Doug Wilson is still thinking aloud about the impact of Sarah Palin's addition to the McCain ticket. I need to get him to give me a list of titles; his is John Has Slain His Thousands. He makes a compelling case for the narrative of this candidacy and the impact Palin may well have on Roe. A taste:
Now consider Sarah Palin's position -- both her story and her gifts. Her story demolishes, in a way no syllogism could, the central appeals of the pro-aborts. And they love to play the violin with this question -- remember that Obama was asked the question earlier in this election cycle. This is a staple in our campaigns: "What if your daughter . . ." "What if your wife . . ."To evangelical critics of Palin as a professional/wife/mother, Wilson replies "presents an absolutely devastating challenge to the feminist narrative for women, and there are no mights involved." I think Wilson adds a weighty point in her favor in observing that Palin has the Reaganesque "ability to speak over the bobble-heads of the anointed media darlings, and take her business straight to the American people." Bush did not have that ability, and it hurt him. I doubt McCain has it. But Palin does. Even former San Francisco mayor Willie Brown recognizes that she has this quality, and the MSM despise her for it.

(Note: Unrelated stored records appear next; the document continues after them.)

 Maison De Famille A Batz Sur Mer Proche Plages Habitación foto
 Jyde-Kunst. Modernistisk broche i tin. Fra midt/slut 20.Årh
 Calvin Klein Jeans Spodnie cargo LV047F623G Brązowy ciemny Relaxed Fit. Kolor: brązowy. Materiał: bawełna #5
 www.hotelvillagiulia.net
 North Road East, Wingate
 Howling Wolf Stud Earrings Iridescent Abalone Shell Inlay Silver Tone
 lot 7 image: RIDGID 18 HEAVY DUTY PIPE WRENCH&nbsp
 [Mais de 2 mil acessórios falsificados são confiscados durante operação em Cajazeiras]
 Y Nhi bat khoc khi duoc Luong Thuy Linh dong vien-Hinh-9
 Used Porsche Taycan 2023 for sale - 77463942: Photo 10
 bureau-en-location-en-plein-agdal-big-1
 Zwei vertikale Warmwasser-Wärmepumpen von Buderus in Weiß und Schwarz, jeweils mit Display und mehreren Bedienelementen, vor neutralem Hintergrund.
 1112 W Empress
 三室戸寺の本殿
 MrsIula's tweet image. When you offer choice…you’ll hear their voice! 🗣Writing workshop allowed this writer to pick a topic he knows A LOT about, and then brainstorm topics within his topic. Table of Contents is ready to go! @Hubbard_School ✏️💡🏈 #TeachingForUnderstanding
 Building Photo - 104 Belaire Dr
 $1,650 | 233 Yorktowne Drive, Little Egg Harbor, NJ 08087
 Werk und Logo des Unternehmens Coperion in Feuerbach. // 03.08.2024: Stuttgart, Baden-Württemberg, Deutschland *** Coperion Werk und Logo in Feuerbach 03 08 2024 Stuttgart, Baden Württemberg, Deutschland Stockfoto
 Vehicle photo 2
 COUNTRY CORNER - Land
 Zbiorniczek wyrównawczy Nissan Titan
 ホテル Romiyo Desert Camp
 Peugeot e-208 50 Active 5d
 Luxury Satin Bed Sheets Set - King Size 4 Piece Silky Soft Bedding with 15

Suppose you were a middle-aged woman with a bright political career ahead of you, perhaps even at the national level. You and your husband are surprised by a pregnancy, and then on top of that you discover that your baby is a Down's child. We live in a culture that has been prepared in countless ways to accept the story that "we had to make a tough choice." And we are then astonished when someone, instead of making the "tough choice," makes a tough choice instead -- in the full confidence that it is the right choice. Sarah Palin is a "no exceptions" pro-lifer and apparently she believes that the law of God includes her.
As an aside, you've got to love this clip, where Carney of Time says to Wallace of the M/P campaign that Palin has to do interviews. "With who? You?" Wallace replies. "Who cares? Who cares if she can talk to Time magazine?"
And that's just it. I think there are two kinds of people in the world: those who admit that the MSM are heavily biased in favor of liberals, and against (in increasing intensity) conservative, pro-life, practicing-Christians; and those in denial. (For an example of the latter, see this article in — surprise! — Time magazine itself.) But the fact is no longer in serious dispute, at least not among serious, informed people. (Diana West gives a bit of a snapshot of the current situation.)
Liberals might be asked questions intended to elicit information and promote favorable understanding. Conservatives (particularly practicing Christian ones) are generally asked questions designed to destroy, humiliate, get the "gotcha" moment, and render powerless. The MSM shares the DNC's goal: they want Christians to look insane, unhinged, and dangerous. They want them shamed from a public presence as Christians.
Knowing that, what sane person would expose himself to such Matthew 7:6 situations unnecessarily?
Don't forget my earlier article. Mark my words: those questions I listed and other similar questions are already on reporter's laptops, waiting the moment to spring them.
In fact, here are some more:
- Does God talk to you? What does He tell you? Is He talking to you right now?
- Was it God's will for us to murder 146,000,012 innocent Iraqi's and occupy their country?
- Is it God's will for you to win this election and run America?
- Is God a Republican?
- Is your pregnant daughter going to Hell?
- Is her boyfriend going to Hell?
- Have you had sex with anyone beside your husband?
There are some hopeful signs. The WSJ reports that many have caught on to media bias. Plus, they're being watched closely, and not just by Christians. The NYT did an interesting article on Palin's religion. I actually thought it surprisingly balanced, considering the source. But it provoked a very strong negative reaction from non-Christian writer John Podhoretz. Folks are catching on to the MSM's game, and that's good.
Now, briefly, to the ongoing discussion of Palin as a female political leader. We've noted a number of helpful contributions by Doug Wilson to the topic. To those, add the brief piece by Southern Baptist NT professor Denny Burk. The professor pulls a statement from John Piper and Wayne Grudem that presents my own view concisely: "As we move out from the church and the home we move further from what is fairly clear and explicit to what is more ambiguous and inferential."
To this we can add the helpful, candid reflections of Al Mohler.
Finally, David Murrow contributes a revealing personal insight into the character of Sarah Palin, with whom he's worked fairly closely. Turns out that the way she strikes non-moonbats is the way she is.
And on the moonbat note, fits of PDS is now also deemed too boring to allow here. This isn't a democracy. Ankle-biters will just have to content themselves with controlling CBS, NBC, MSNBC, CNN, Hollywood, almost anything with "Times" in the title, PBS, NPR, AP, Reuters, Al-Jazeera, and the rest.
(NOTE: this post has been and for a day or two will continue to be updated without notice. Check back from time to time — if it interests you.)